Neil Alden Armstrong (August 5, 1930 – August 25, 2012) was an American astronaut and the first person to walk on the Moon. He was also an aerospace engineer, naval aviator, test pilot, and university professor.

Armstrong's second and last spaceflight was as mission commander of the Apollo 11 moon landing, in July 1969. On this mission, Armstrong and Buzz Aldrin descended to the lunar surface and spent two and a half hours exploring, while Michael Collins remained in lunar orbit in the Command Module. Along with Collins and Aldrin, Armstrong was awarded the Presidential Medal of Freedom by President Richard Nixon; in 1978, President Jimmy Carter presented Armstrong the Congressional Space Medal of Honor in 1978; he and his former crewmates received the Congressional Gold Medal in 2009.

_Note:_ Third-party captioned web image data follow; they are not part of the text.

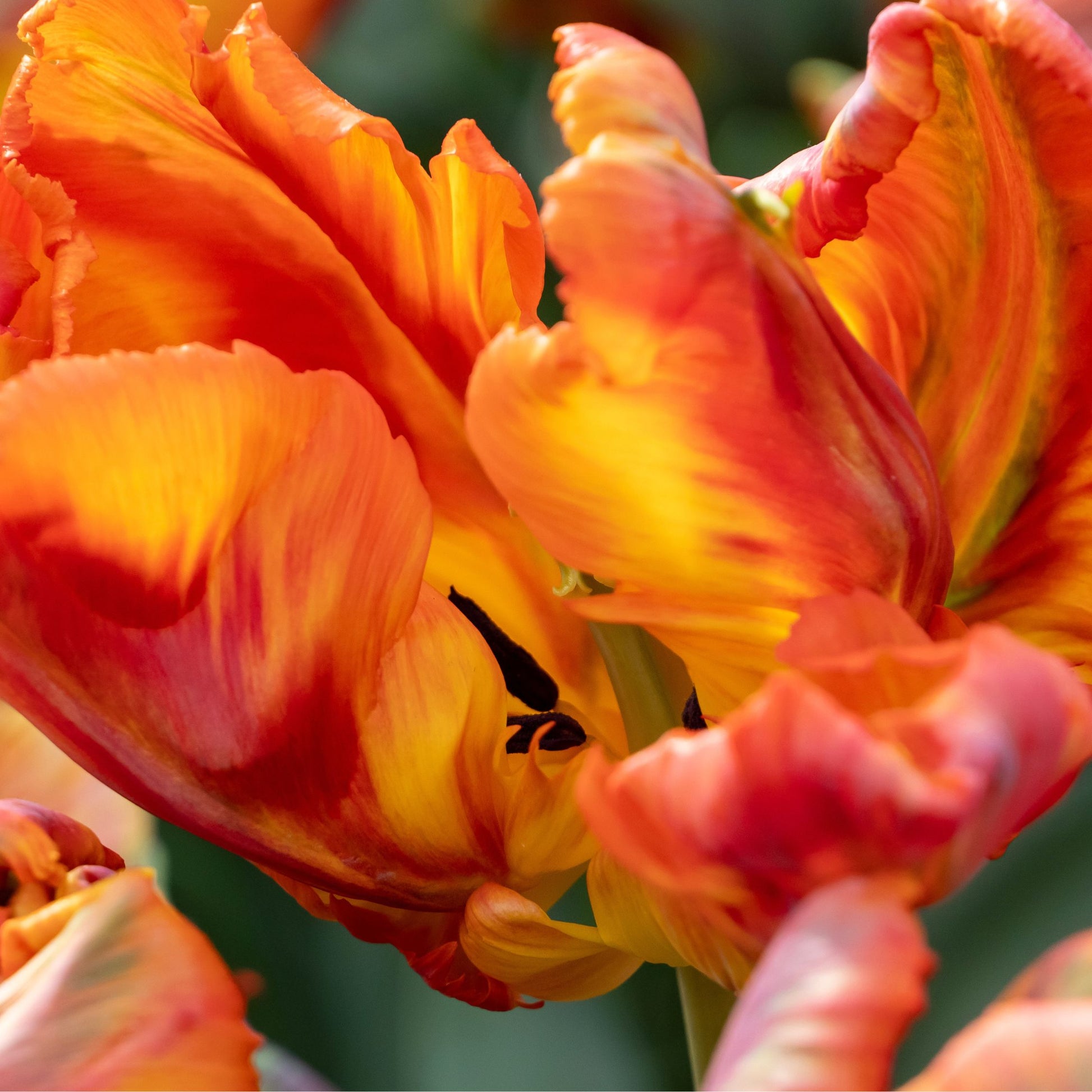 Bulbos De Tulipán - 20 Pzs - Tulipa 'rasta Parrot' - Bulbos De Flores - Blanco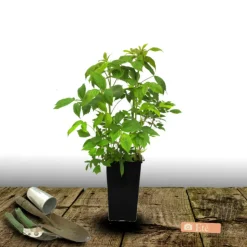 PLANTES AVENUE - Framboisier frambélise®/[-]pot de 3l - 30/60 cm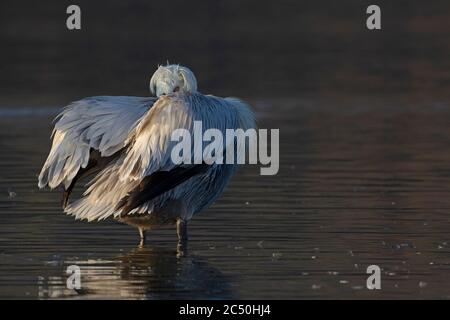 Pélican dalmatien (Pelecanus crispus), debout sur le rivage de préening, Grèce, lac Kerkini Banque D'Images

In the late 1950s, Armstrong applied at a local Methodist church to lead a Boy Scout troop. When asked for his religious affiliation, he labeled himself as a Deist. His mother later said that Armstrong's religious views caused her grief and distress in later life as she was more religious.


Sources:

1.) James R. Hansen (2005). First Man: The Life of Neil A. Armstrong. Simon and Schuster. p. 33. ISBN 9780743281713. "It is clear that by the time Armstrong returned from Korea in 1952 he had become a type of deist, a person whose belief in God was founded on reason rather than on revelation, and on an understanding of God's natural laws rather than on the authority of any particular creed or church doctrine. While working as a test pilot in Southern California in the late 1950s, Armstrong applied at a local Methodist church to lead a Boy Scout troop. Where the form asked for his religious affiliation, Neil wrote the word “Deist.”"

2.) James R. Hansen (2005). First Man: The Life of Neil A. Armstrong. Simon and Schuster. p. 35. ISBN 9780743281713. "[Neil Armstrong's mother] wrote on October 27, 1969, to a Methodist minister in Iowa ... “but when he was a senior in high school, and even more in college, he began wondering about the truth of Jesus Christ. I felt sure he was praying less…. [Today] he is not teaching his own two fine sons about Jesus Christ. This fact causes a million swords to be pierced through my heart constantly.”"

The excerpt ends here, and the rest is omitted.